EXERCISE:
Please restate, exactly as they appear, only the lines from the one that contains "what is place value" to the final line of the entries, with no pictures.

SUPPLIED INFORMATION:
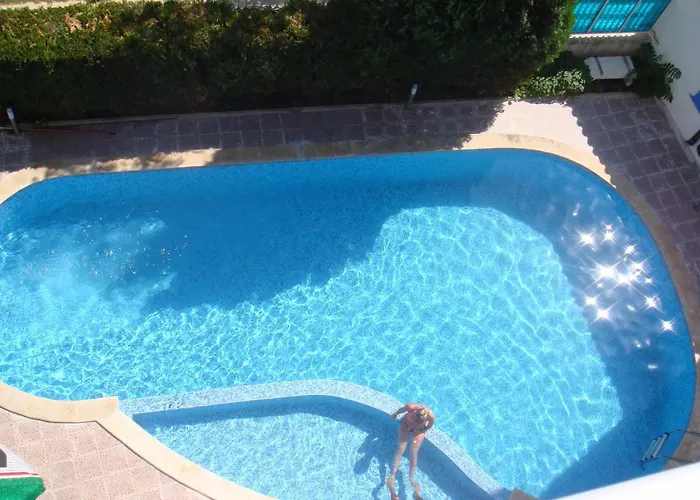 Family Hotel Jupiter Hotel 3*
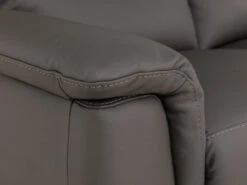 2-zit SETTE - Grijs Grijs -Zuiver || RICHMOND Verkoop calia sette 61507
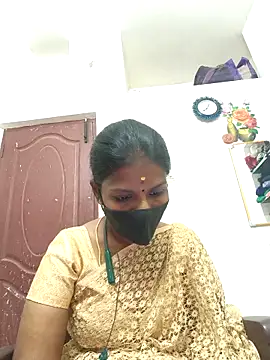 Tamil_Yalini12 webcam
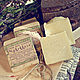 'Chukokkala' soap from scratch for washing. Soap. Otvintage Soap. Online shopping on My Livemaster.  Фото №2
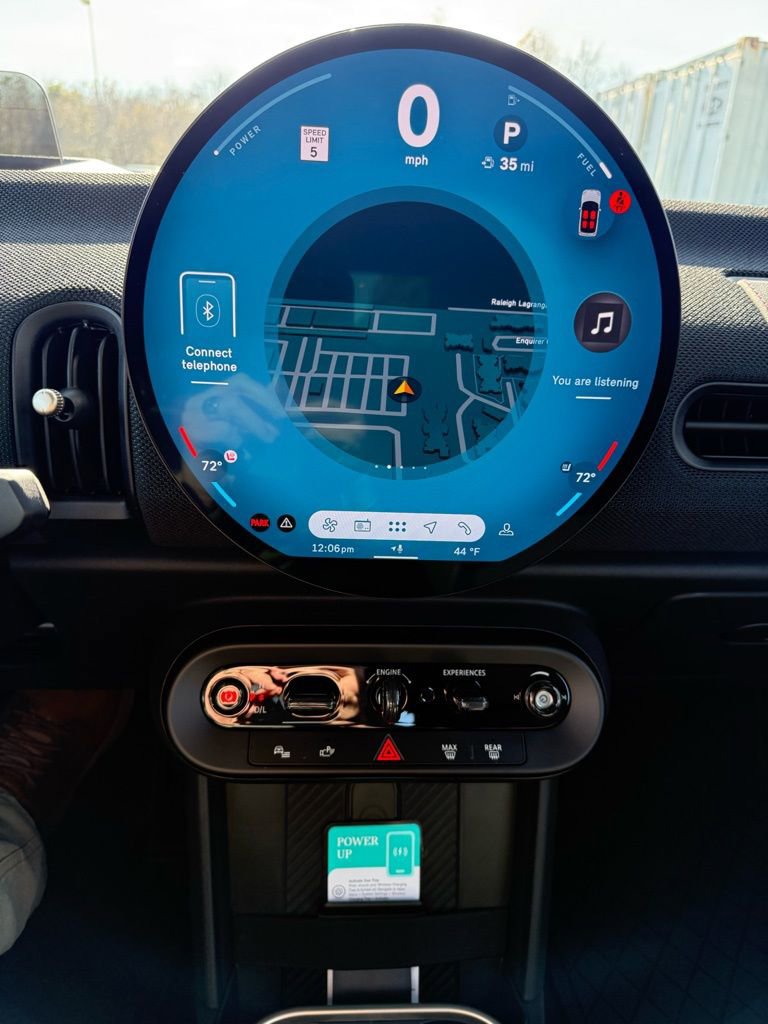 New 2026 MINI Cooper Convertible image 14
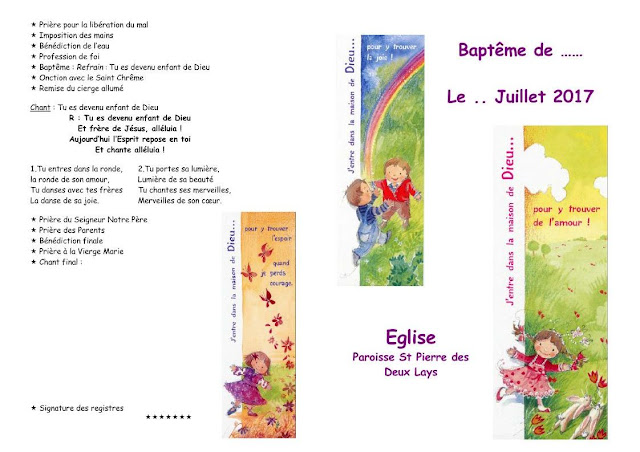 Livret Page De Garde Baptême bapteme85110.blogspot.com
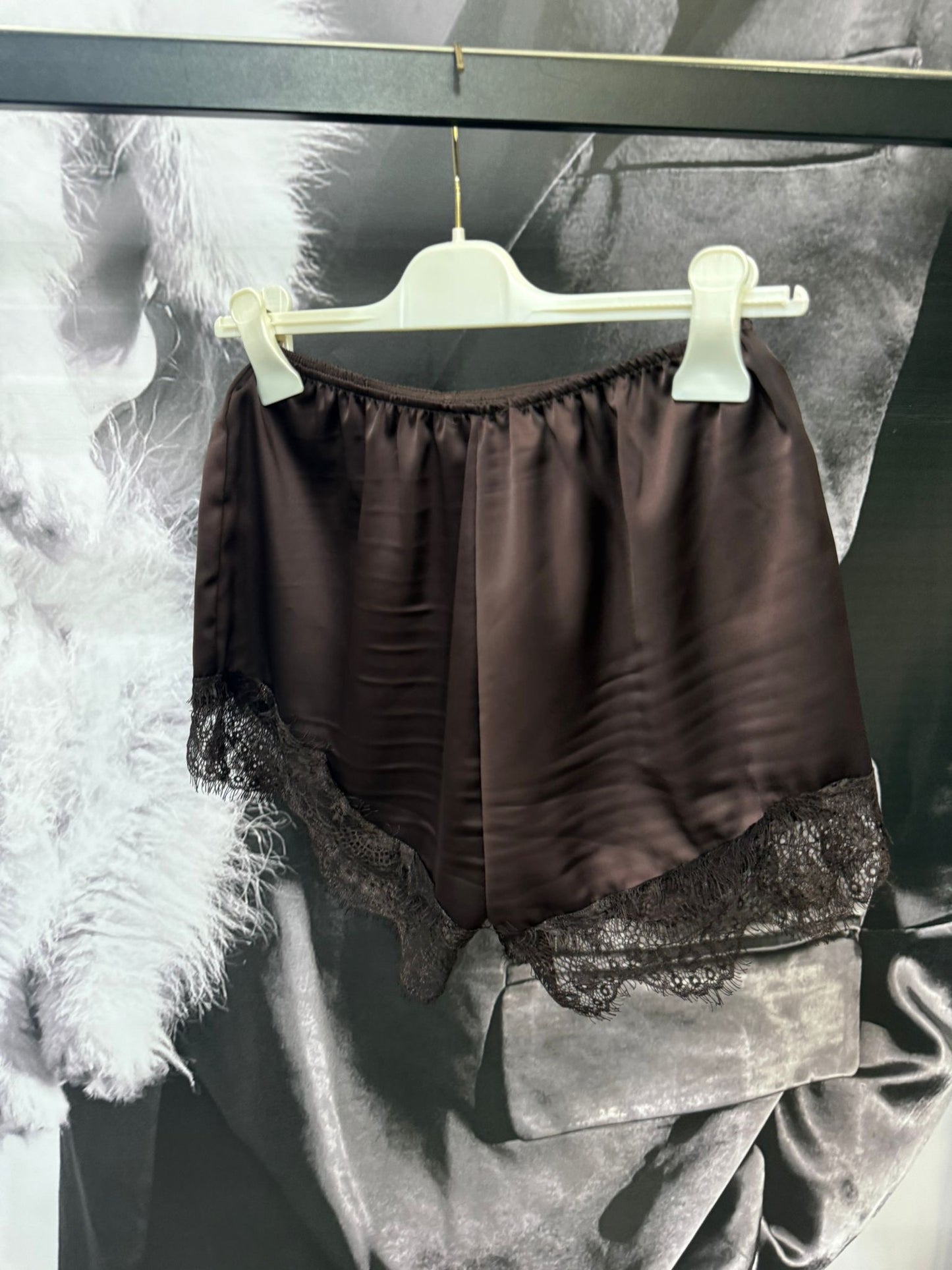 Shorts Noemi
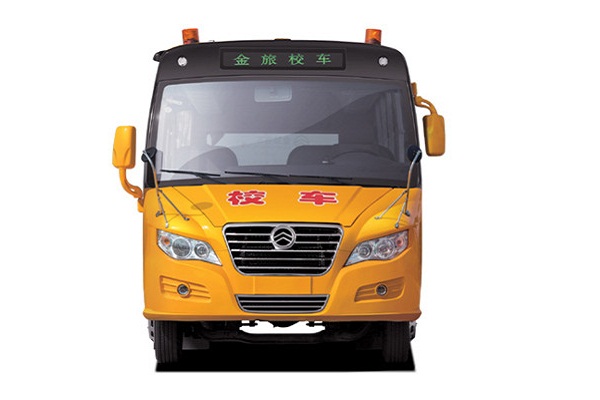 金旅XML6721J15YXC幼儿专用校车(柴油国五24-41座)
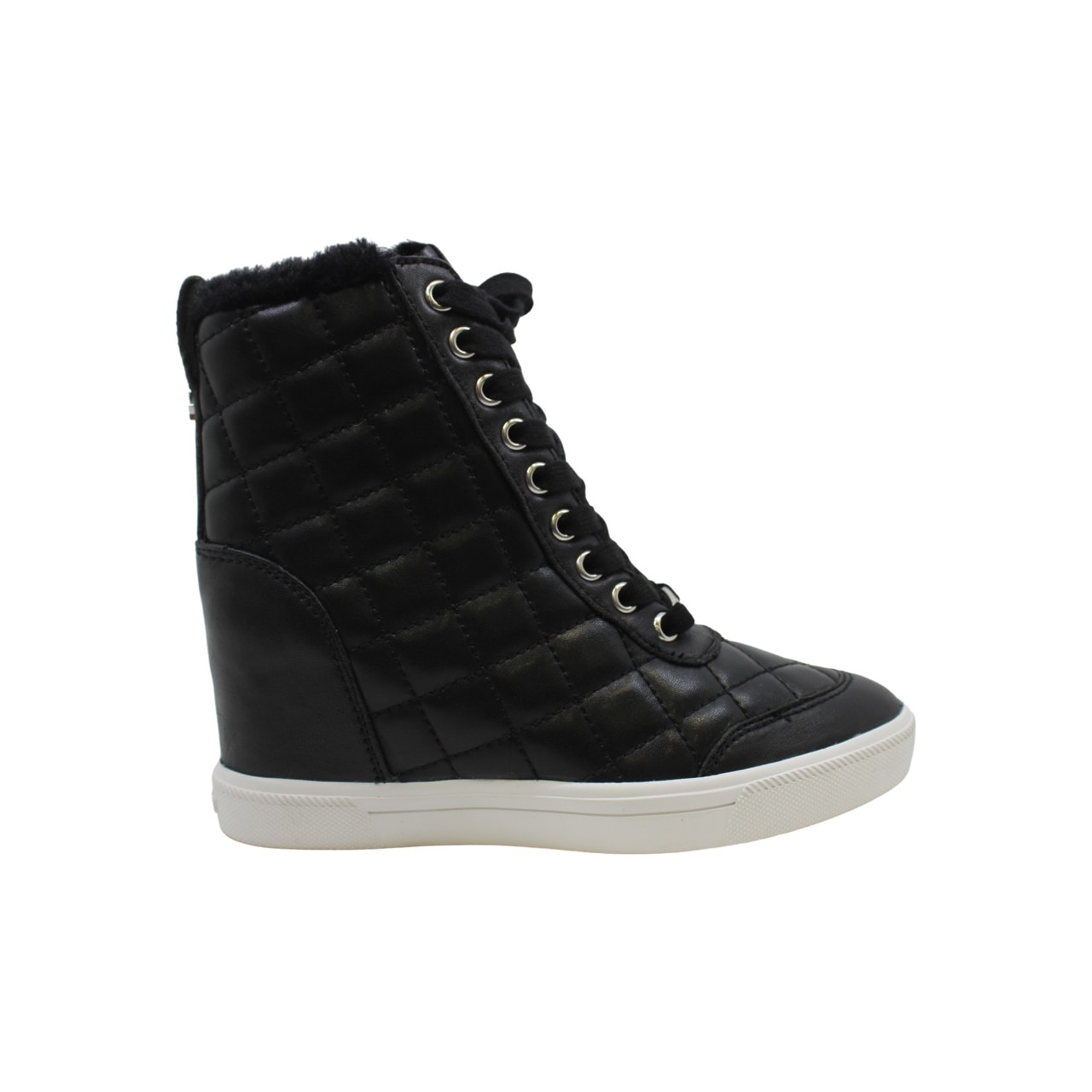 Dkny cira wedge sneakers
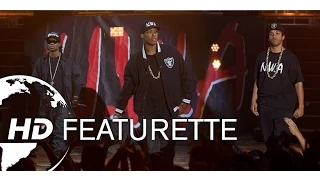 Straight Outta Compton | Featurette | The Rise of N.W.A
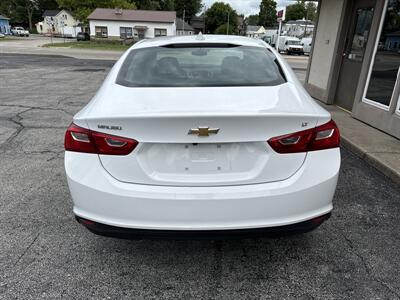 2023 Chevrolet Malibu LT   - Photo 6 - Rushville, IN 46173
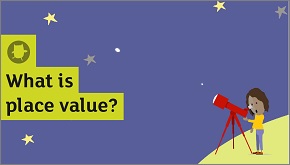 what is place value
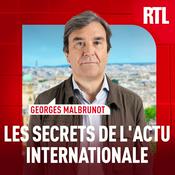 Podcast Les secrets de l'actu internationale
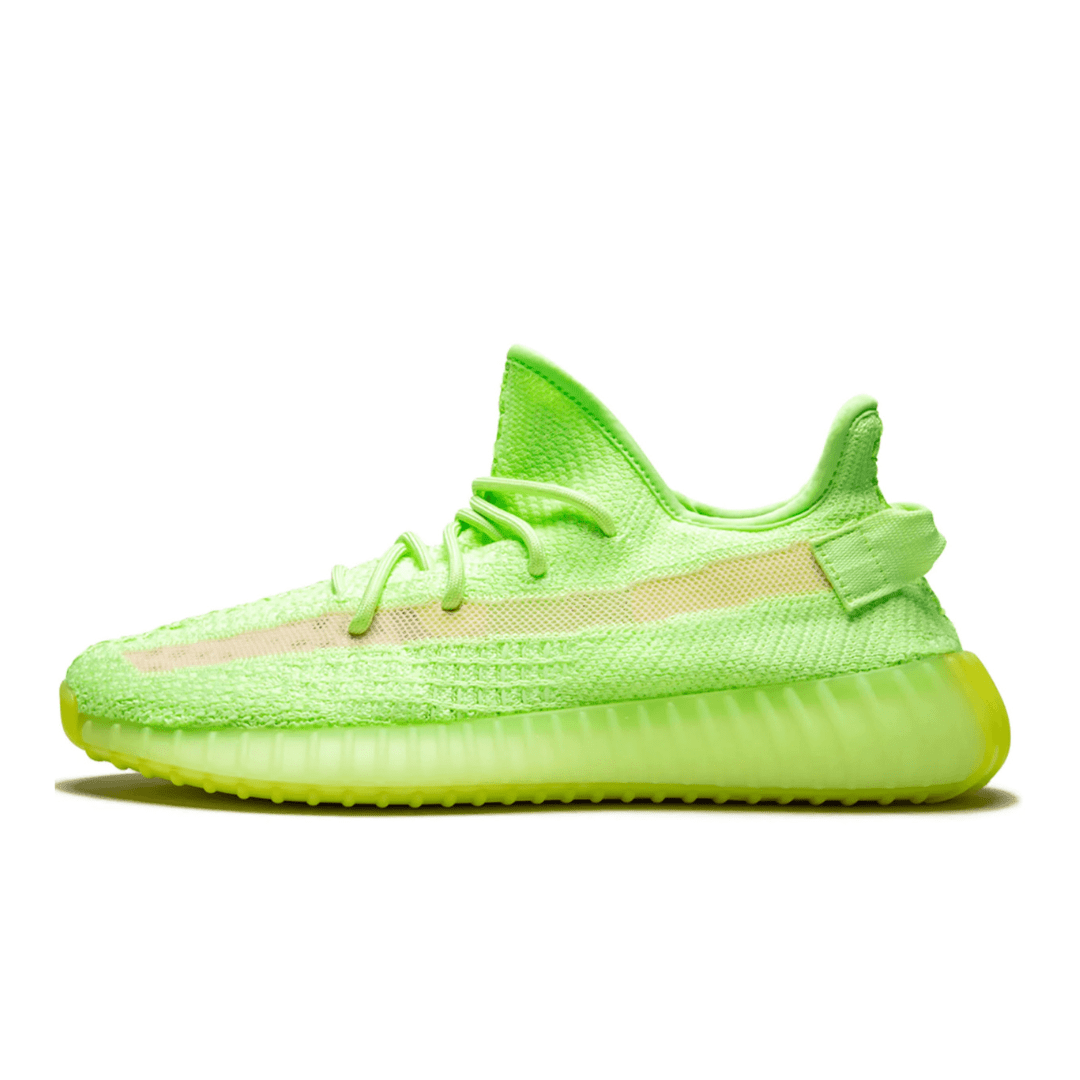 YZY - 350 V2 Glow in the dark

ANSWER:
 what is place value
 Podcast Les secrets de l'actu internationale
 YZY - 350 V2 Glow in the dark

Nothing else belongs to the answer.